Information supplied below:
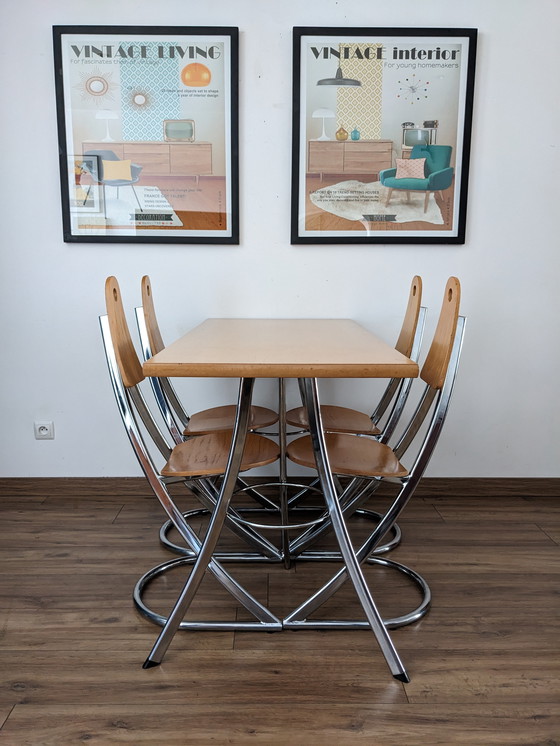 Image 1 of Mirima Aria Vintage Tafel en Stoelen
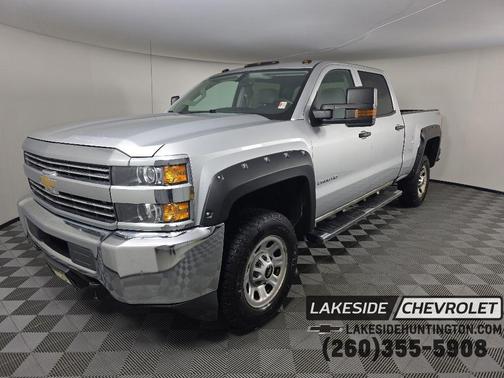 Silver Ice Metallic 2016 Chevrolet Silverado 2500 WT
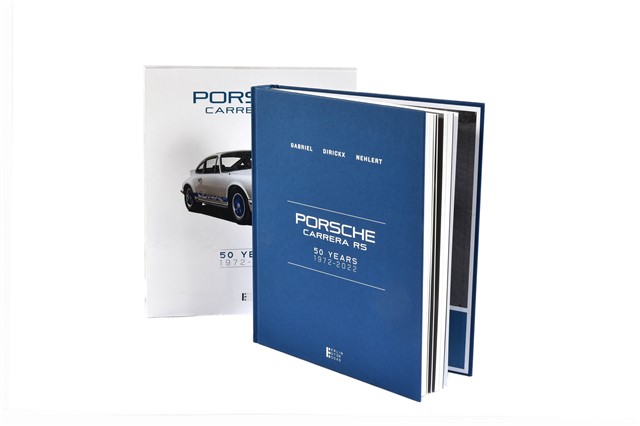 Porsche Carrera RS 50 YEARS 1972-2022, DE+EN, Limited Edition / 500 pcs.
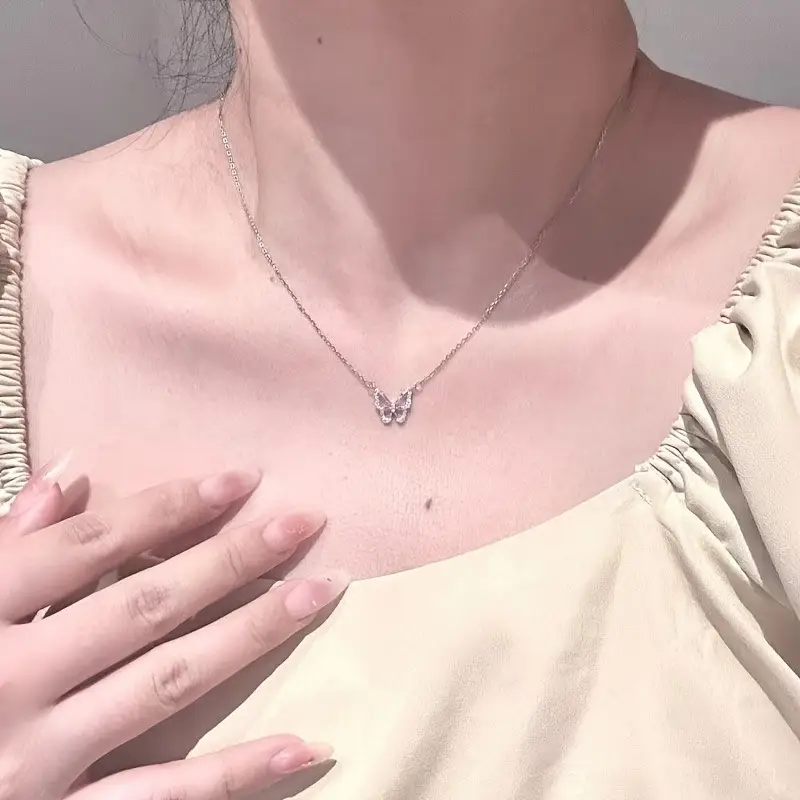 Collier multi-fonction – Pierre de lune imitation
End of Information supplied.
### What is being asked
Every line of the material must be returned verbatim, and pictures must be left behind.

### Exercise result
 Image 1 of Mirima Aria Vintage Tafel en Stoelen
 Silver Ice Metallic 2016 Chevrolet Silverado 2500 WT
 Porsche Carrera RS 50 YEARS 1972-2022, DE+EN, Limited Edition / 500 pcs.
 Collier multi-fonction – Pierre de lune imitation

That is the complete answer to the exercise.